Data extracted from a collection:
= Beginning of Section =
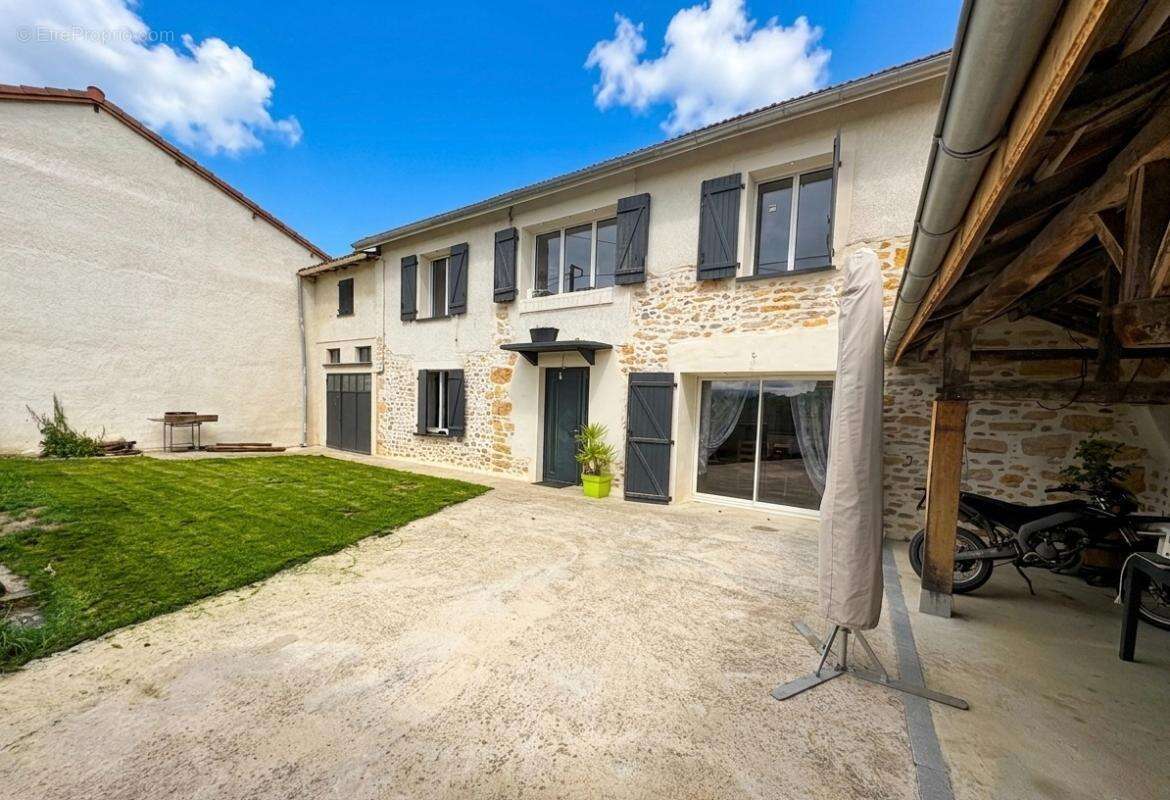 Maison  familiale ou secondaire - photo 2
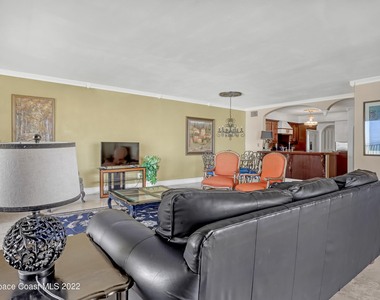1860 N Atlantic Avenue - Photo Thumbnail 8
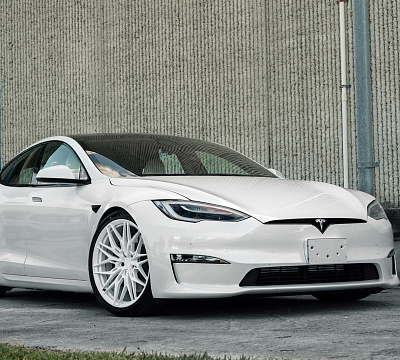 Фото дисков Anrky S1-X1 на Tesla Model S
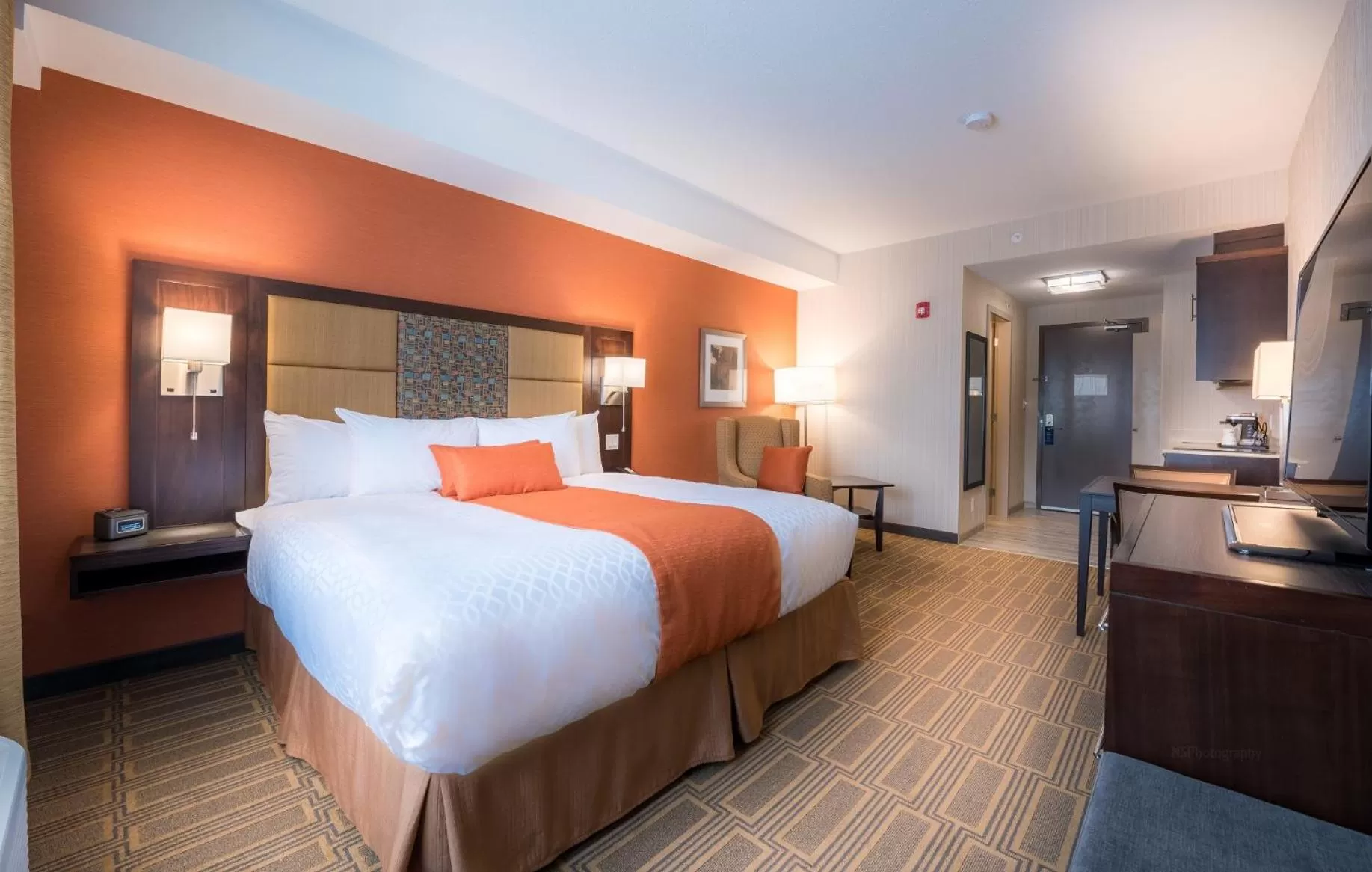 Photo of the whole room, Bed in Best Western Plus Chateau Fort St. John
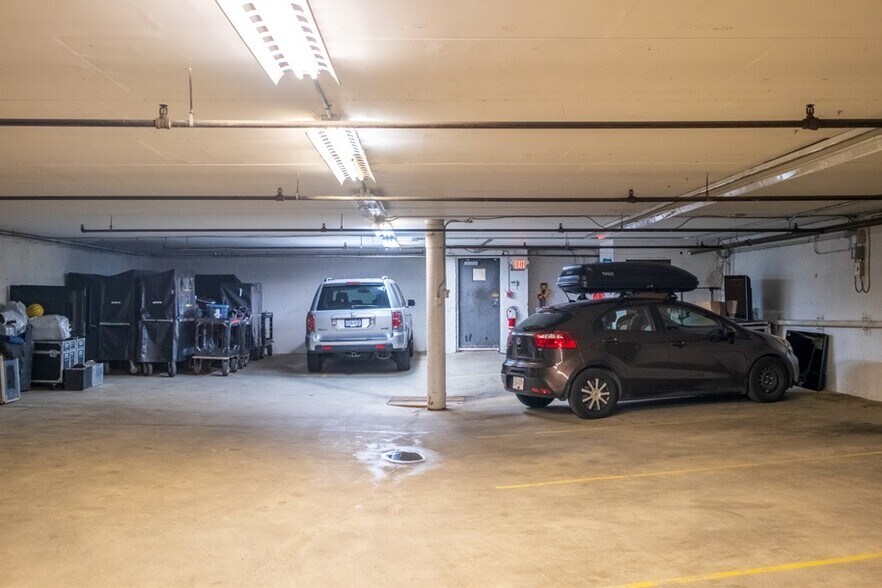 More Photos Of 1090 E Georgia St, Vancouver Warehouse For Sale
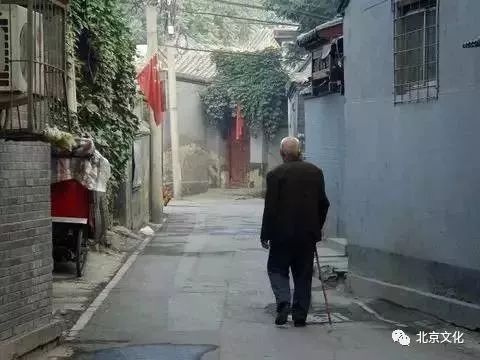 我叫北京，这是我最新的简历，请多关照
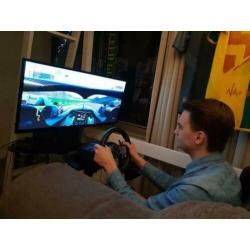 PLAYSEAT Racesimulator met ultrawide scherm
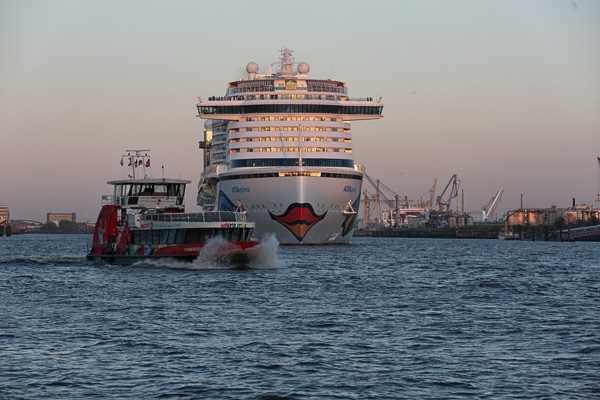 AIDAprima beim Auslaufen ZN5A7109-Bearbeitet.jpg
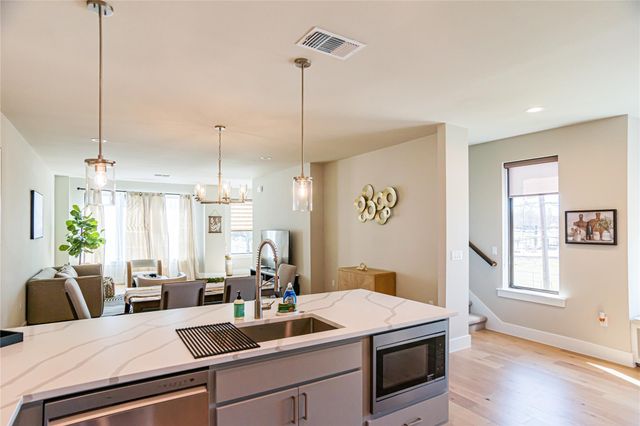 13309 Morris RD 11, Austin, TX 78729
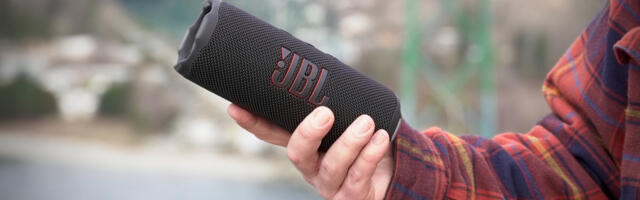 The JBL Flip 7 speaker reappears at a $50 discount!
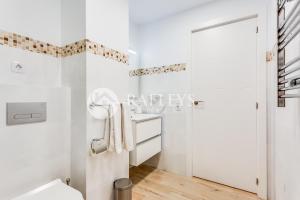La salle de bains blanche est pourvue d'une douche et de toilettes. dans l'établissement Modern 1 BR apartement in very center of Marbella., à Marbella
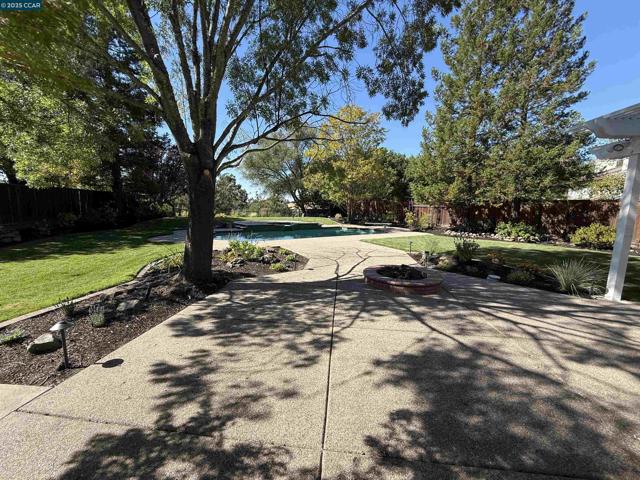 835 Hidden Pond Ct, Lafayette CA: https://media.crmls.org/mediaz/00c63d40-293f-4e39-a7fd-ad55666f21d9.jpg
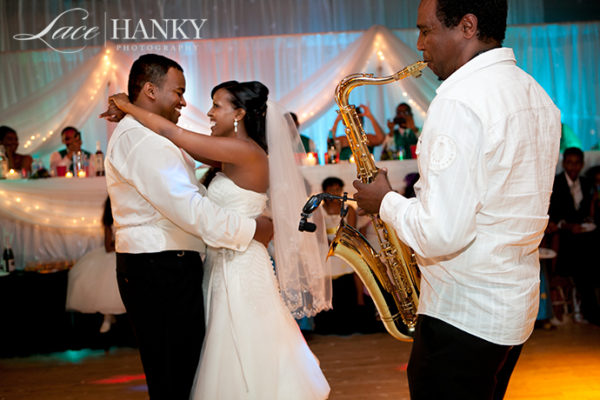 African_Wedding_LaceHanky_014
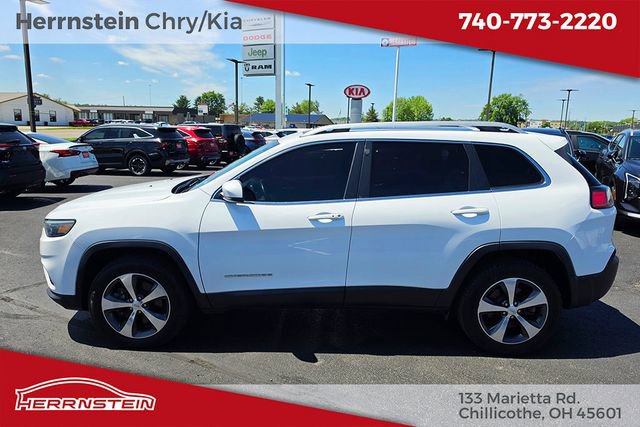 Used 2020 Jeep Cherokee Limited w/ Luxury Group AWD/4WD image 4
= End of Section =
Write the entries above out again exactly, but not the pictures.

_Result of this task_
 Maison  familiale ou secondaire - photo 2
1860 N Atlantic Avenue - Photo Thumbnail 8
 Фото дисков Anrky S1-X1 на Tesla Model S
 Photo of the whole room, Bed in Best Western Plus Chateau Fort St. John
 More Photos Of 1090 E Georgia St, Vancouver Warehouse For Sale
 我叫北京，这是我最新的简历，请多关照
 PLAYSEAT Racesimulator met ultrawide scherm
 AIDAprima beim Auslaufen ZN5A7109-Bearbeitet.jpg
 13309 Morris RD 11, Austin, TX 78729
 The JBL Flip 7 speaker reappears at a $50 discount!
La salle de bains blanche est pourvue d'une douche et de toilettes. dans l'établissement Modern 1 BR apartement in very center of Marbella., à Marbella
 835 Hidden Pond Ct, Lafayette CA: https://media.crmls.org/mediaz/00c63d40-293f-4e39-a7fd-ad55666f21d9.jpg
 African_Wedding_LaceHanky_014
 Used 2020 Jeep Cherokee Limited w/ Luxury Group AWD/4WD image 4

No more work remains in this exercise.